“Whether it’s their physical or mental health, men are notorious for suffering in silence,” said Aaron Byzak, Chief External Affairs Officer at Tri-City Medical Center. “Unless it’s an egregious challenge that they’re facing, guys seem more oriented toward just pushing through the pain. Unfortunately, when the warning signs get missed or ignored, their health can suffer causing lifelong medical issues or even worse, death.”
“During Men’s Health Month, we want to encourage men to put aside that stoic, tough guy stereotype and instead, take control of their health – for themselves and their loved ones,” added Mr. Byzak. “This starts with learning about the major health issues that affect guys and how they might be prevented with regular screenings and checkups, and a healthy lifestyle.”
According to the Centers for Disease Control and Prevention (CDC), heart disease, cancer and COVID-19 were the leading causes of death for men in the US between 2018-2021. Men are at greater risk of having a heart attack than women and having it earlier in life; additionally, the American Heart Association reports that middle-aged men who are anxious and worry more may be at greater risk for developing heart disease and stroke. The most common types of cancers seen in men include prostate, colorectal, lung and skin, according to the American Cancer Society.
When it comes to their mental health, men, especially those aged 75 and older, are almost four times more likely to die by suicide than women, as determined by the National Institute of Mental Health. Men are also experiencing more anxiety and depression, which often manifest as anger and aggressiveness, instead of sadness. Unintentional injuries, due to sports or accidents at home or work, are another health risk for men of all ages.

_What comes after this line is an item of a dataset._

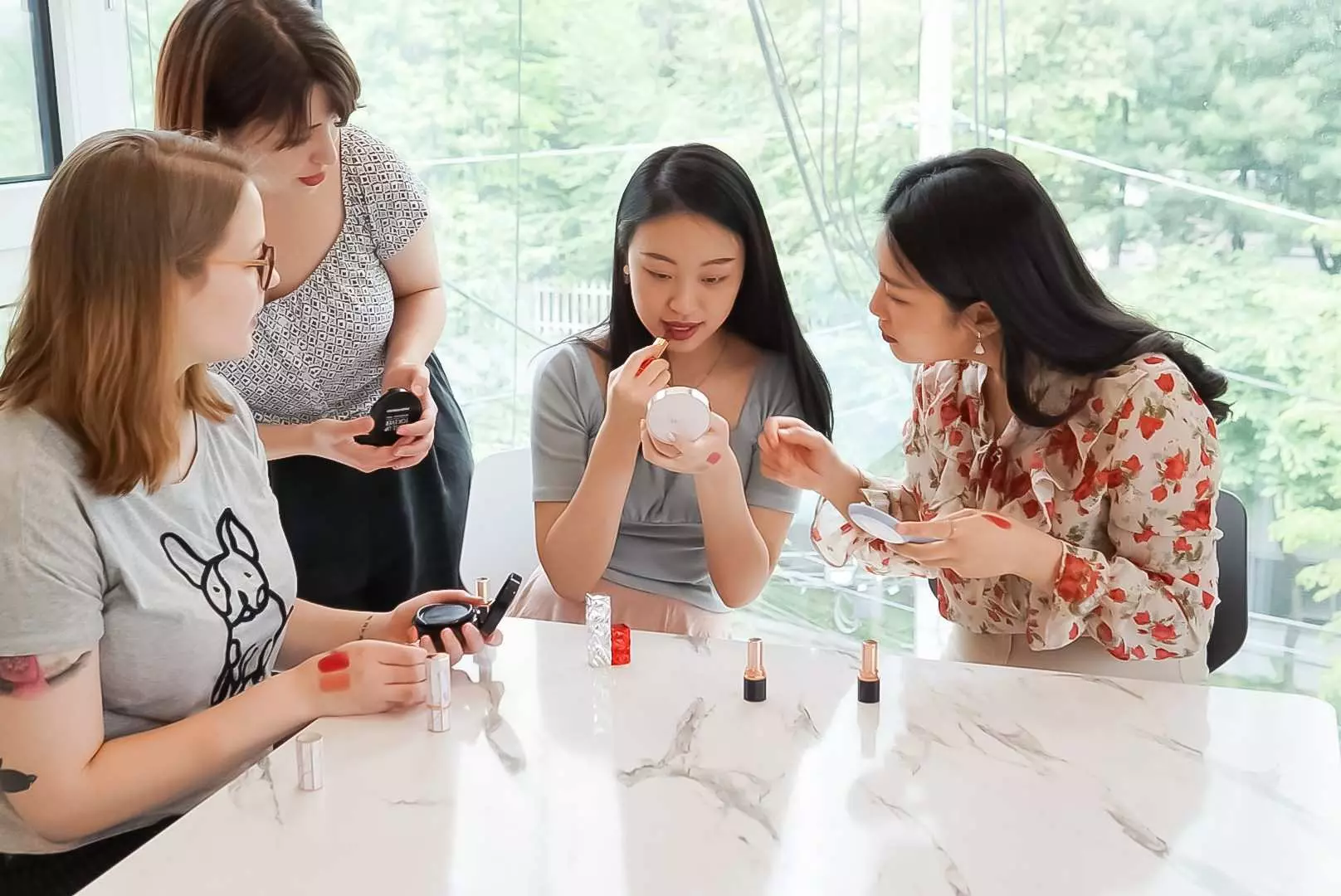 In a Korean beauty DIY class, participants assist each other in trying out handmade lipsticks and skincare products, enjoying the personalized beauty experience from customized items.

“A primary care physician (PCP) is the first line of defense when it comes to identifying many of these issues before they become a big problem,” said Mr. Byzak. “It’s important for men to recognize that it’s OK to take time off from work and to seek the help they need for both their physical and mental health – there is no reason to be embarrassed,” added Mr. Byzak. “Often it takes a spouse, significant other, family member or friend to push men to see their doctor.”
At Tri-City Primary Care, doctors can provide annual checkups, disease diagnosis and health maintenance, as well as preventive care, like flu shots and vaccinations. Depending on a man’s age, a PCP may also order health screenings for high blood pressure, heart disease, diabetes or cancer, especially of the colon or prostate. Recent guidelines from the CDC recommend that screenings for colorectal cancer begin at age 45, and at age 55 for prostate cancer.
“It’s no surprise that men probably feel more comfortable seeing a male doctor for urological problems but may be more open with a female physician, especially when it comes to discussing their mental health, as it may feel safer and less judgmental,” added Mr. Byzak. A study conducted by psychologists at Rutgers University supports this premise, noting that men did not want to show weakness to a male doctor. The researchers also found that men are less likely to see a doctor than women, and those who felt that they should be tough, brave, self-reliant and not show their emotions, were more likely to ignore their medical problems than those who did not.
“The best way for men to take care of themselves is to make their health a priority and develop healthier habits such as exercising regularly, eating a nutritious diet, getting a good night’s sleep, maintaining a healthy weight, and limiting or stopping tobacco, alcohol or drug consumption,” added Mr. Byzak. “For me, surfing is the best form of relaxation to reduce stress. Nothing makes me happier.”
“However, if something should happen, TCMC offers a broad range of exceptional specialized cardiovascular, urologic, orthopedic and behavioral health services because we want the men in our community to stay healthy,” said Mr. Byzak. “Whatever your needs are, we are here to help.”